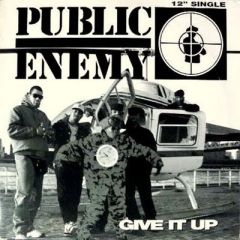 Public Enemy - Public Enemy - Give It Up - Def Jam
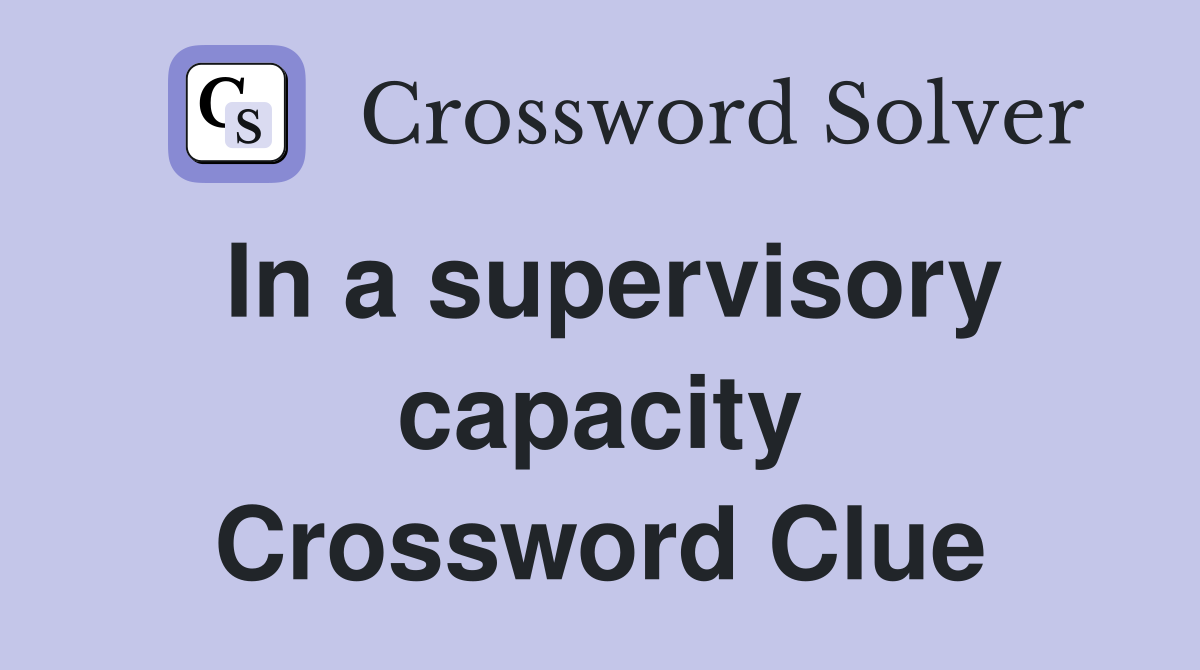 In a supervisory capacity Crossword Clue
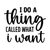 I Do a Thing Called What I Want-01 Poster Canvas Movie Film Print A0 A1 A2 A3 A4
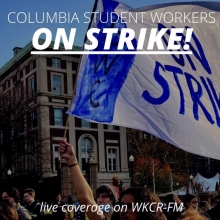Columbia Student Workers On Strike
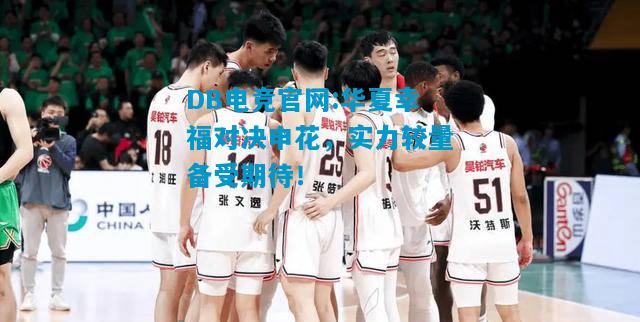DB电竞官网:华夏幸福对决申花，实力较量备受期待！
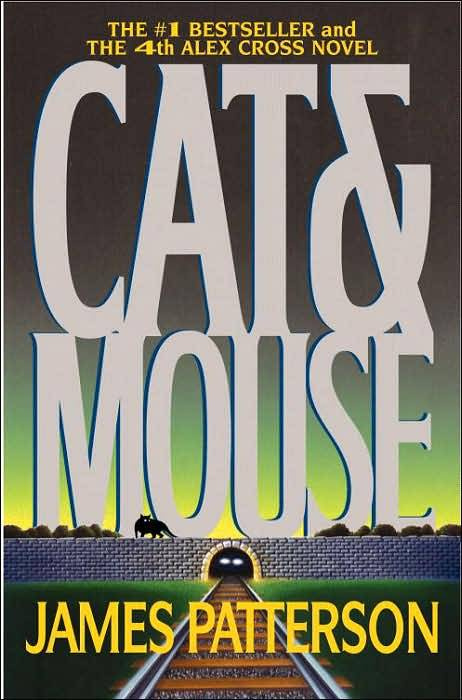 James Patterson Cat Mouse The fourth book in the Alex Cross series 1997 - photo 1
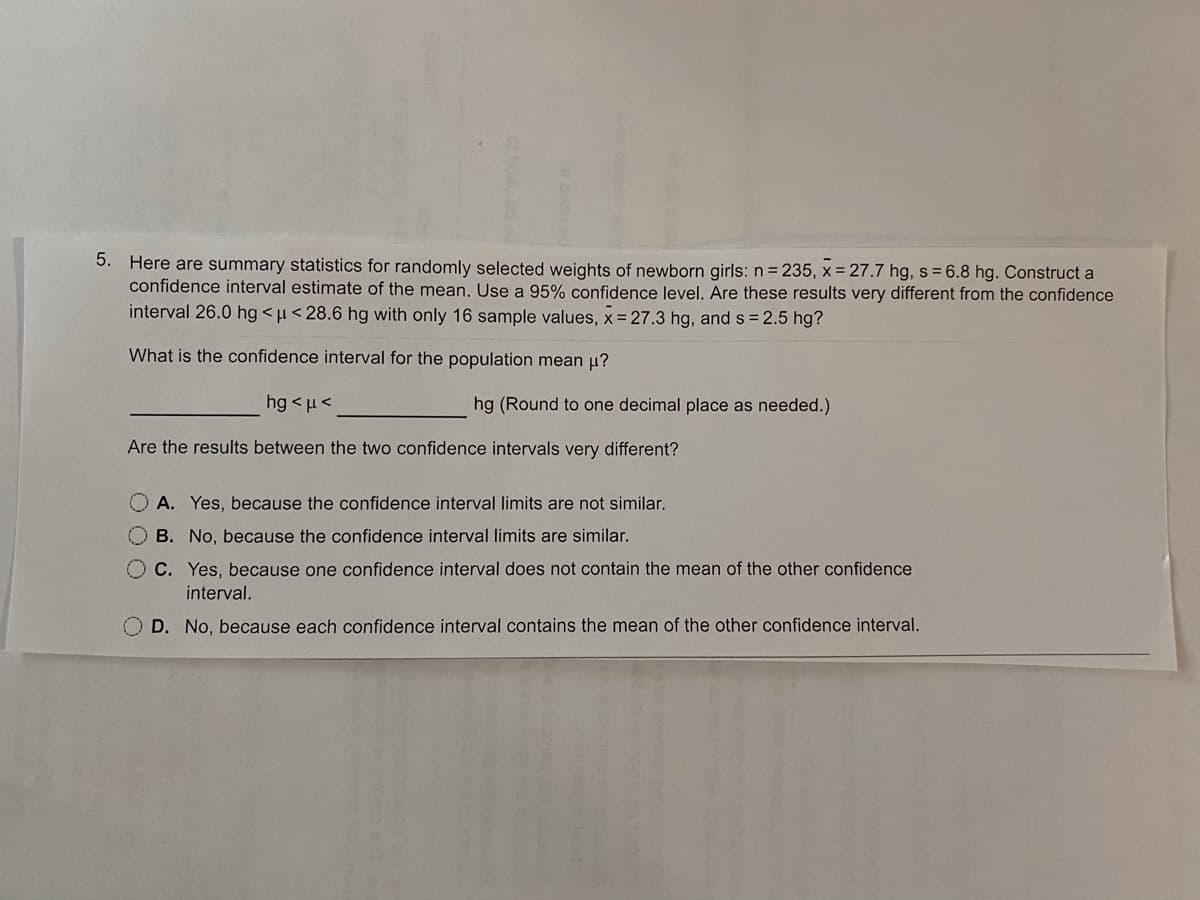 5. Here are summary statistics for randomly selected weights of newborn girls: n= 235, x = 27.7 hg, s = 6.8 hg. Construct a
confidence interval estimate of the mean. Use a 95% confidence level. Are these results very different from the confidence
interval 26.0 hg <µ< 28.6 hg with only 16 sample values, x = 27.3 hg, and s = 2.5 hg?
What is the confidence interval for the population mean µ?
hg < µ<
hg (Round to one decimal place as needed.)
Are the results between the two confidence intervals very different?
O A. Yes, because the confidence interval limits are not similar.
O B. No, because the confidence interval limits are similar.
O C. Yes, because one confidence interval does not contain the mean of the other confidence
interval.
O D. No, because each confidence interval contains the mean of the other confidence interval.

• _Try it_: Using the data above, print only the lines starting at the one with "In a supervisory capacity Crossword Clue" and ending at the one with "interval 26.0 hg", exactly as they stand, minus the pictures.

• _Solution for this problem_:
 In a supervisory capacity Crossword Clue
 I Do a Thing Called What I Want-01 Poster Canvas Movie Film Print A0 A1 A2 A3 A4
Columbia Student Workers On Strike
DB电竞官网:华夏幸福对决申花，实力较量备受期待！
 James Patterson Cat Mouse The fourth book in the Alex Cross series 1997 - photo 1
 5. Here are summary statistics for randomly selected weights of newborn girls: n= 235, x = 27.7 hg, s = 6.8 hg. Construct a
confidence interval estimate of the mean. Use a 95% confidence level. Are these results very different from the confidence
interval 26.0 hg <µ< 28.6 hg with only 16 sample values, x = 27.3 hg, and s = 2.5 hg?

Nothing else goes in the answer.